Gabriel García Márquez narró en un cuento cómo asistía a su propio entierro. Acompañaba don Gabriel a los acompañantes de su féretro, bebiendo, cantando y tocando guitarras, montados todos en una gran parranda que llegó hasta las mismas puertas del cementerio. Según confiesa el autor, su felicidad era completa por compartir tan buen rato con sus amigos. Sin embargo, sus amigos se marcharon y él quedó solo, muerto y desconsolado en el camposanto.

Ratzinger está ahora en medio de la parranda y también debe sentir la misma alegría que el escritor colombiano describía en su cuento. Quizás, al buen hombre le comía la curiosidad de ver cómo nombraban a su sucesor. Quizás, no creía demasiado en que podría contemplar la ceremonia desde el Cielo ni desde ninguna otra parte, si antes se moría. Quizás, pensó el Sumo Pontífice alemán, cuyo carácter siempre me ha parecido tan festivo como el de un político sevillano en el mes de abril, quizás, digo, pensó: Me voy a pegá una jartá de reí viendo cómo to esta gente se da de puñalás.

El bueno de Ratzinger no va a llevar guitarras, como García Márquez, pero, a falta de guitarras y guitarrones, un buen órgano le servirá de fondo musical para contemplar la cara de terror de su Sucesor cuando sea elegido. Me imagino sus risitas discretas, entre la docena de monjitas calladitas que cada mañana le hacen la camita, le endulzan el cafelito y le siguen llamando Santidad, mientras le entregan sus zapatitos colombianos relucientes como el oro.

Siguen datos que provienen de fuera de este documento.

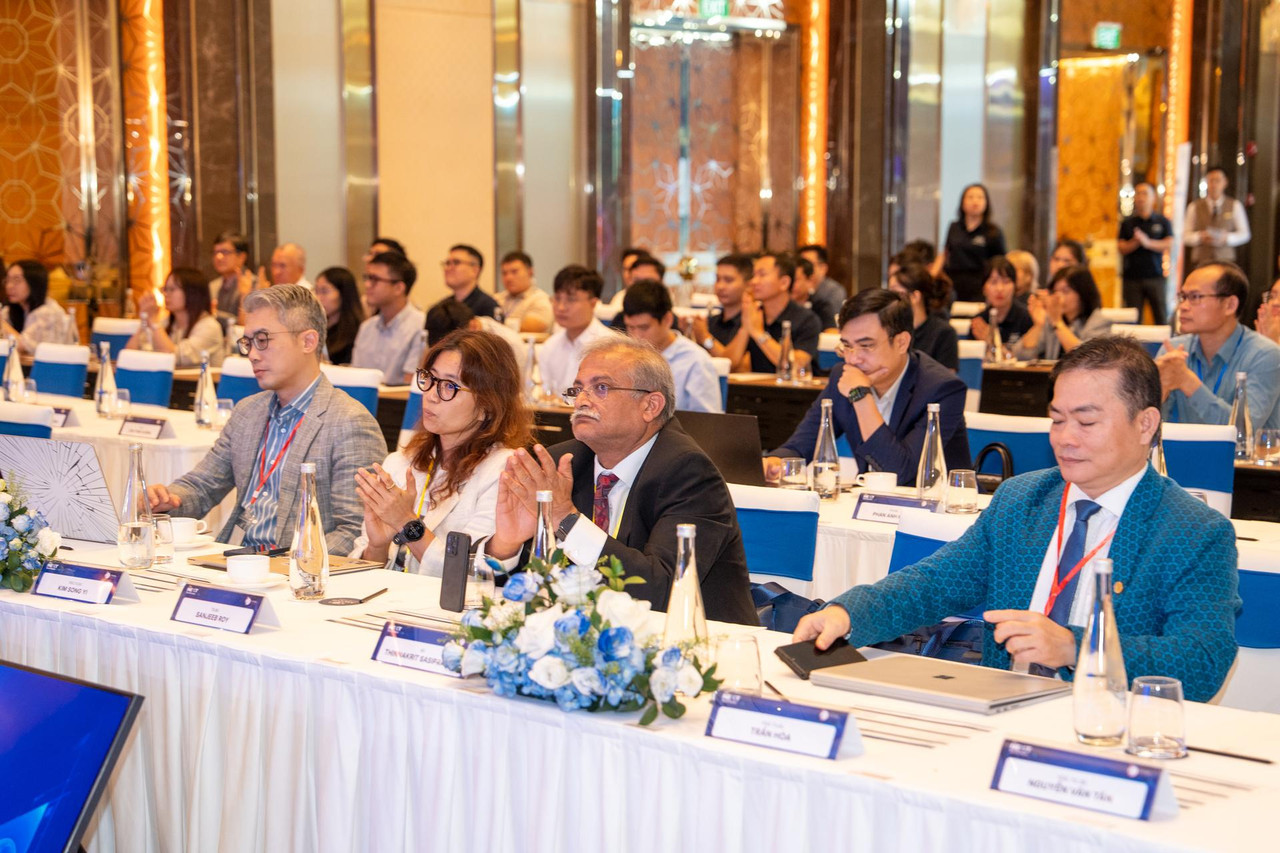 Lễ tân đón tiếp các chuyên gia, giáo sư và hội viên tham dự NEXT TECH FORUM 2026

A partir de ahora –ya lo verán–, los gobiernos, las universidades, las órdenes religiosas y los premiadores todos se pelearán por prenderle medallas, dedicarle calles y entregarle títulos. Cuando le otorguen el Premio Príncipe de Asturias (¿a la humildad?), se disculpará por no poder ir a España a recogerlo; pero, excepcionalmente, se desplazará una comisión al Vaticano con miembros de la realeza incluidos. El único miembro que no recomiendo llevar, por el bien del tesoro vaticano, es el de don Urdangarín, por muy empalmado que esté.

Si el expapa alemán dura, las peregrinaciones al Vaticano subirán como la espuma de la cerveza, no menos alemana que él. Miles de fieles pedirán impacientes, en la Plaza de San Pedro, que canonicen a Benedicto XVI en vida. Hasta los teólogos de la liberación, impulsados por sus complejos de Edipo y deseosos de mostrarse como parte del redil, desbarrarán respecto al gesto de Ratzinger y llegarán a pedir que se enciendan cirios por San Benedicto XVI.

Y todo esto lo disfrutará Ratzinger desde su celda de oro, en vivo y en diferido. Dejando, atada y bien atada, su memoria en la coletividad católica.

Claro, el final de la parranda le llegará tarde o temprano. Los cardenales y el Sucesor se hartarán de tanto protagonismo y, a semejanza de los amigos de García Márquez, irán a lo suyo y le abandonarán. Y él quedará vivo, deprimido, impotente y solo con sus vestales en el panteón dorado que le están preparando.

Tal vez, ni él se merece tan aciago final.